What’s next for email?

  • It won’t be seen as “just email.” This is already happening, and the marketing clouds have spent billions to connect disparate technologies to make it easier to build more real-time interactions between brands and customers. We’ll see how those investments pan out.

  • Email will be more real-time and more 1:1. Email today still looks like personalized catalog marketing instead of 1:1 where context of the communication is important. Email is mobile and the screen size has a huge impact on what you do and what you should expect consumers to do. That will require marketers to think harder about in-home, out-of-home and cross-device messaging and I think the semantics of email will be radically changed.

How has marketing changed since you started your career? What's the most exciting marketing trend you're seeing now?

It’s so much more real-time today and everyone has a smart phone. I think what fascinates me the most is this combination of generations of people (millennials, Gen Xers, boomers and silents) all living together in the same house and how devices (tablets, smartphones, smart TVs) have reshaped how we do things like communication, shopping and entertainment.

I think the generations will define more of how we think about marketing than some of the generalized segmentation we try to do. I wrote about this in a white paper: Reaching 5 Generations of Connected Consumers.

In the next 10 years, IoT will totally shake up how we look at what data is used to provide convenience and better products, and what data is used for marketing and personalizing those experiences. Privacy will be the maturity curve we’ll have to navigate, of course.

Tell us about Cordial. For marketers who aren't familiar with the platform, what sets Cordial apart? Why do marketers get excited about what Cordial can do?

Cordial is what I wanted to build years ago but we didn’t have the hosted services or machine learning tools back then. We set out to build a flexible data-management layer that can take in all forms of data in very efficient ways and allow you to do three things:

  1. Visualize data to help you make decisions.

  2. Apply data for channel communications and web experiences.

  3. Analyze and optimize data using machine learning and great dashboarding.

We built the foundation and we started with email as the first channel, since we all know email gets the best ROI for most marketers.
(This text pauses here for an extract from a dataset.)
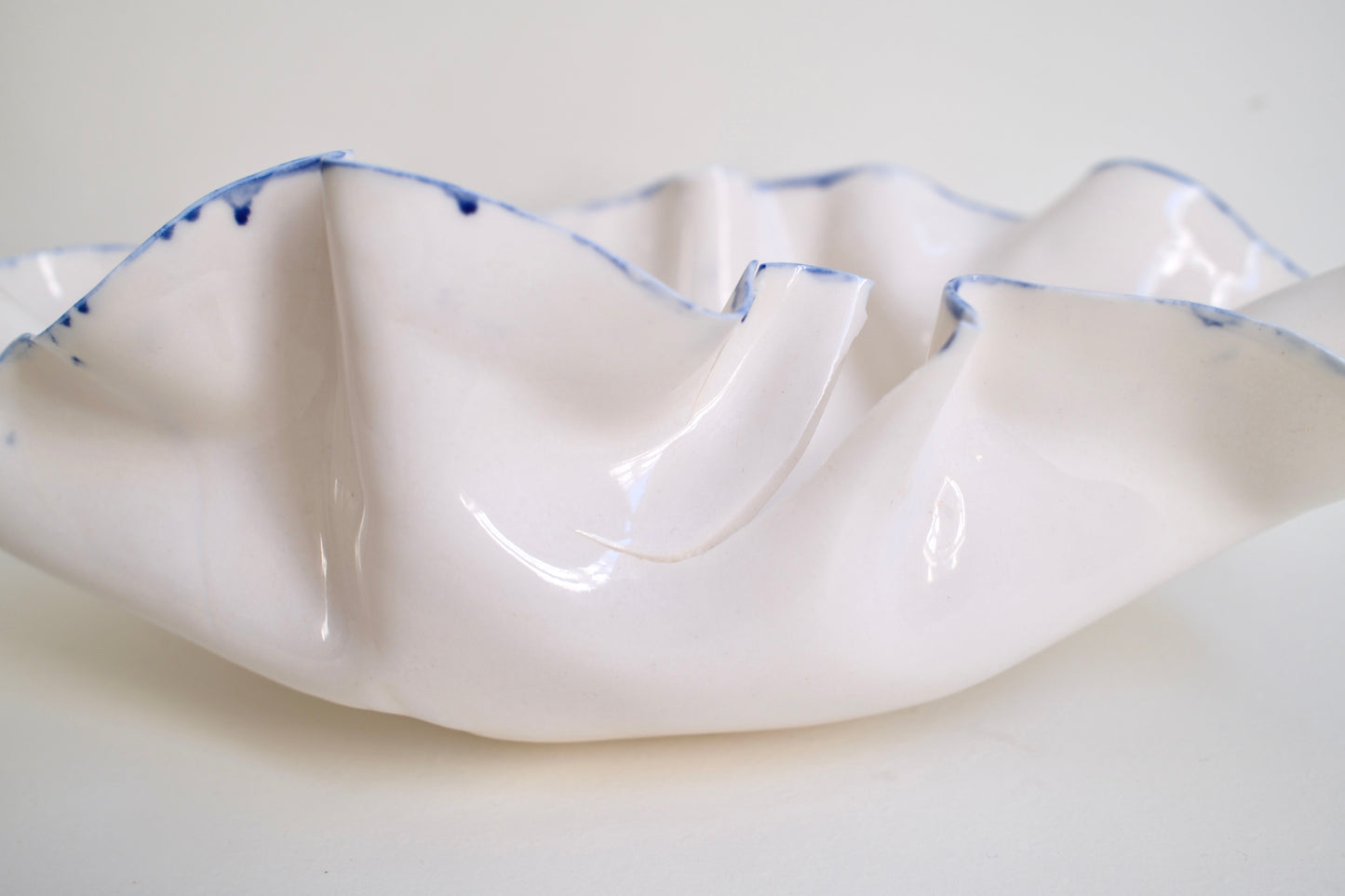 Coupelle Pavlova avec liseré bleu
We are adding mobile, web personalization and social so marketers can connect the experiences.

We also built an API first layer. Not to geek out, but in today’s marketplace it’s really important to have very smart ways to integrate data, partners and applications. We believed there is a big enough marketplace for solutions like Cordial for people that don’t drink the Big Marketing Cloud Kool-Aid or need to simply move faster without spending millions.

We’re also tinkering with IoT and connected products because we believe there is a bridge that needs to be built between consumer IoT and marketing. Our first 40 clients bought into us primarily to be more contextual with their marketing. They want to personalize the web, the email and be able to optimize that fast. As the old saying goes, “It's not the big that eat the small, it’s the fast that eat the slow.

What lessons have you learned during your career as a marketer that you'd like to share with others in the field?

You must always learn and invest in YOU. Early on, a mentor told me, “You will never be better than me if you don’t outwork me and learn faster than me.” I took that to heart. I worked really hard reading as much as I could, trying to apply it and writing a ton. Writing challenges you to put your thoughts out there and accept that not everyone will buy into what you say.

I’ve also learned a lot from one of my all-time favorite books, “Love Is the Killer App.” It helped me understand the value of a network. You have to work hard to sustain relationships in very selfless ways. I keep up with a lot of amazing people because I respect how smart they are and how cool their lives are. That kind of authentic networking takes work, but if you start early, they will all rally around you later if you ever need support.